I was just adding that in jest mate settle down, I know it was user error.

In your opinion.

Server - a computer or computer program which manages access to a centralized resource or service in a network.

Pretty sure an iOS device can be a server.

Just because your NUC is dedicated to the task doesn’t mean it isn’t passing noise. Are you entirely sure that Ethernet delivers the digital bits better than wifi?

I explained my comment per your request, but I’m not going to get in a protracted argument about it. Using a iPhone/iPad as a media server is just a bad idea, IMO, and I’ll continue using Roon. If AM doesn’t show up in a Roon integration I won’t be using it.
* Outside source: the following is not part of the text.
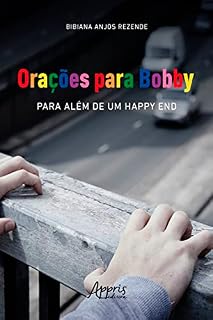 Orações para Bobby: para além de um happy end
I don’t want an argument, I just like the facts. I am more that willing to be informed that airplay is inferior but I would like more than “iOS devices should not be servers”. To me it sounds more like conjecture than evidence. I like to know why, and with solid information like from @PhilippVH

For single endpoint music serving, an iOS device is just fine. The new iPad Pro will blow most laptops and PCs out the water with its processing ability. Roon can serve a number of endpoints with different music at the same time, with some pretty heavy DSP if you so wish, in which case, I would concede that a Roon server (NUC or otherwise) is a sound idea and totally the way to go. For straightforward sending of hi res music to a Naim device, a recent iPhone is plenty… horses for courses.

I have a NUC core for my Roon setup, but not necessarily because of its prowess as a server… but because it was the least expensive way to free up the family iMac for multiple users. I don’t do any DSP with it, and never use more than one endpoint. If Apple do a decent job of their lossless and hi-res implementation, and either Naim implement Apple Music natively (highly unlikely due to Apple’s dislike for such things) or they simply update the Airplay protocol on the Naim streamers (almost certain), then I’m afraid Roon and Qobuz may well get dropped.

Myself, family and friends will use Apple Music to listen to Music through the Naim.

Also, with regard battery drain, Airplay is really not that arduous, even hi res video.

Fully accept your position. However, with the larger buffer in AirPlay 2, I am not sure if noise on the phone sis relevant. I will wait until it’s available and see (I.e. hear) how it compares to Qobuz and music from a NAS (with the same resolution) controlled by the Naim app on my iPhone.

It’s irrelevant for me anyway. I hate using an iPhone as a media controller for listening to my Naim systems (NDX2, Atom, Mu-so Qb2). The only time I ever use the Naim app for any of them is to configure streaming devices when needed. I use my iPad for Roon, and Naim doesn’t have a proper app that makes sense for the iPad.

I would use an iPad too rather than an iPhone. The iPad is a perfect media controller in terms of form factor, irrespective of whether you are running Roon, Apple Music or the Naim app (or any other app). The iPhone is OK for a quick track-skip or volume adjustment, but the iPad is great to browse with…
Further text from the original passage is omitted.